Opinion
March 22, 1994
Appeal from the Supreme Court, Bronx County (Gerald Sheindlin, J.).
The record does not support the conclusion that defendant was prejudiced by the trial court exercising discretion in imposing a time limit on each attorney's examination of the third panel of prospective jurors (see, People v. Jean, 75 N.Y.2d 744). Defendant's argument that he was denied a fair trial when the trial court, although not requested by defendant to do so, told prospective jurors that "no inference" was to be drawn in the event defendant did not testify is not preserved for review as a matter of law, no timely objection thereto having been made (People v. Autry, 75 N.Y.2d 836). Were we to review the issue in the interest of justice, we would find that any error in this regard was harmless in view of the overwhelming evidence of defendant's guilt (People v. Koberstein, 66 N.Y.2d 989).

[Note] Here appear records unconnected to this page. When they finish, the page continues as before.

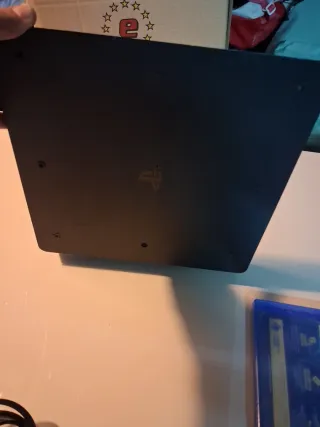 Pack PS4 Slim 2 Mandos + 4 Juegos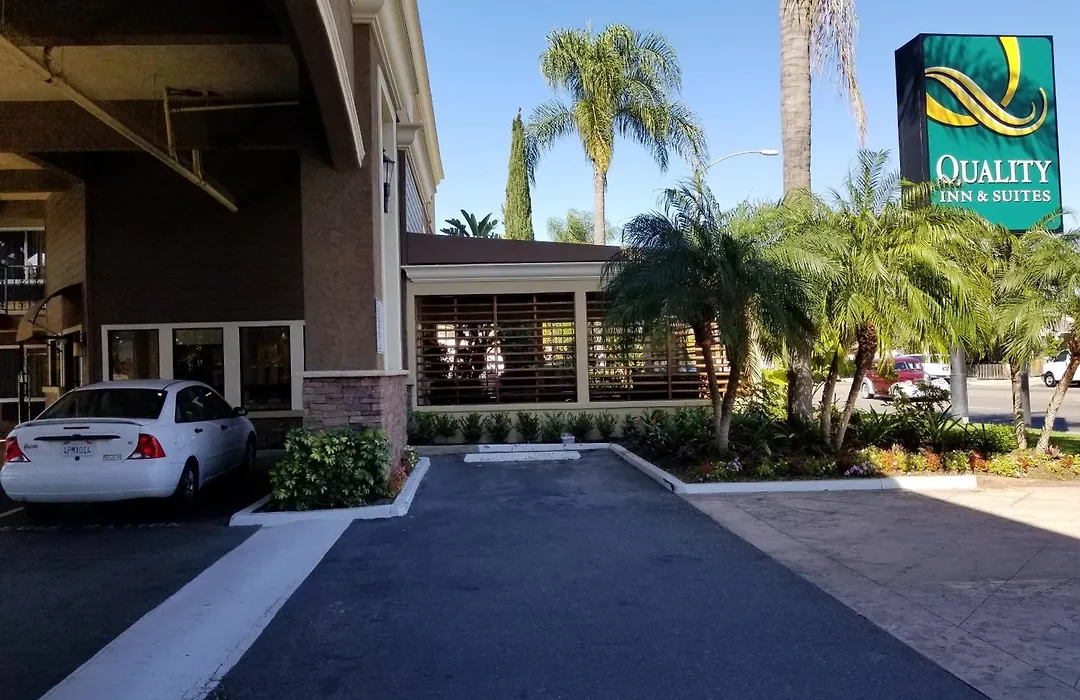 Quality Inn & Suites Anaheim Maingate-1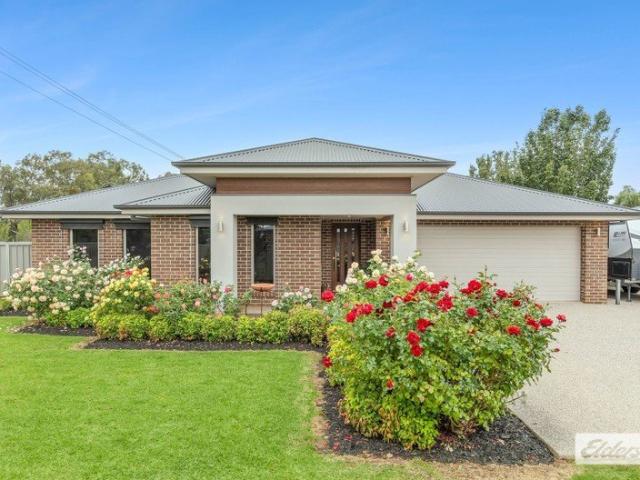 Luxury Living Near the Golf Course!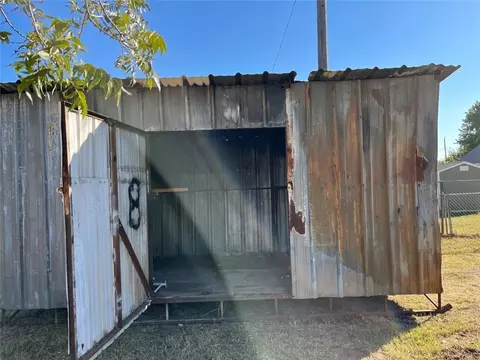 504 W Pine St, Tuttle, OK 73089 photo 17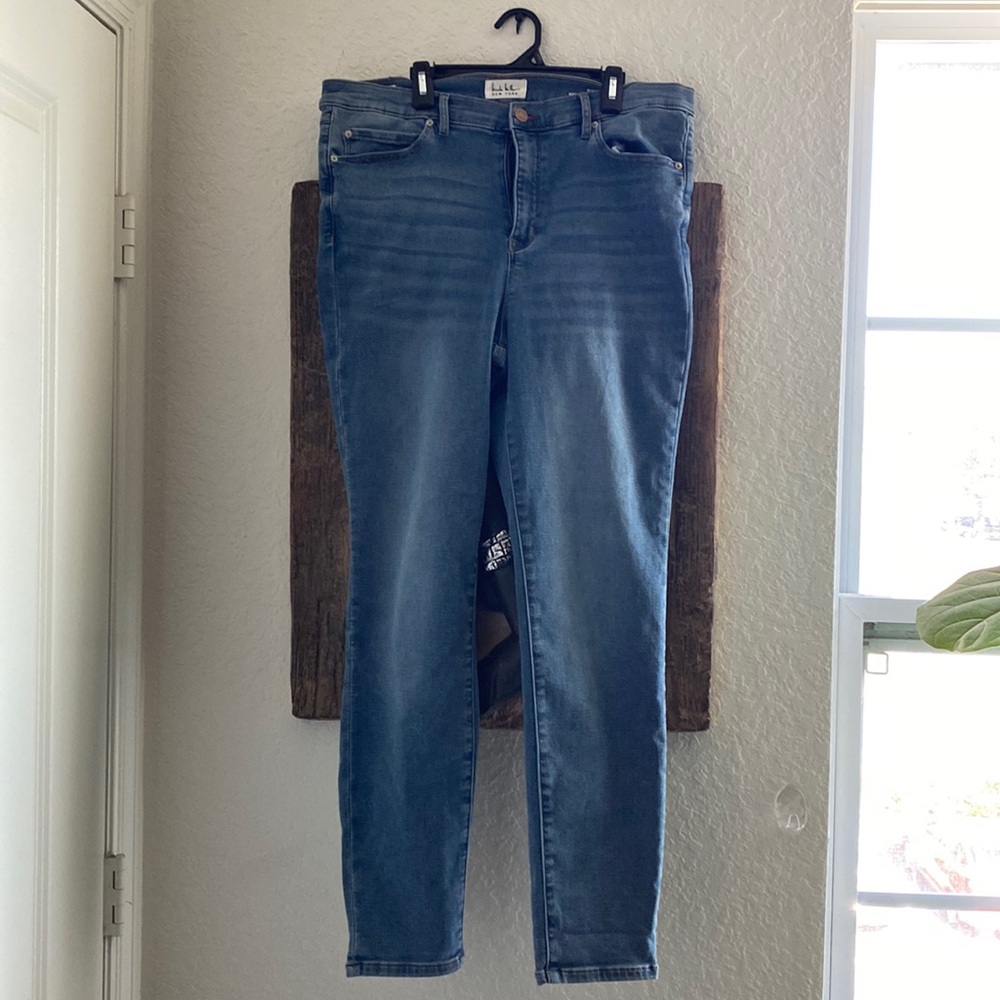 Denim skinny leg jean size 14.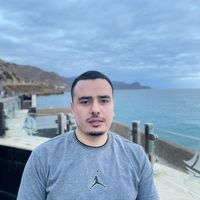 Youssef Aghalaj的照片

Nor do we find any merit to defendant's argument that the court's Sandoval ruling, which permitted inquiry into the underlying facts of two drug convictions, as well as defendant's conviction for a misdemeanor, without inquiry into the underlying facts thereof, did not appropriately weigh the probative worth of that evidence against the risk of unfair prejudice or was otherwise an abuse of discretion (see, People v. Grice, 177 A.D.2d 271, 272, lv denied 79 N.Y.2d 857).
Concur — Sullivan, J.P., Wallach, Ross, Asch and Tom, JJ.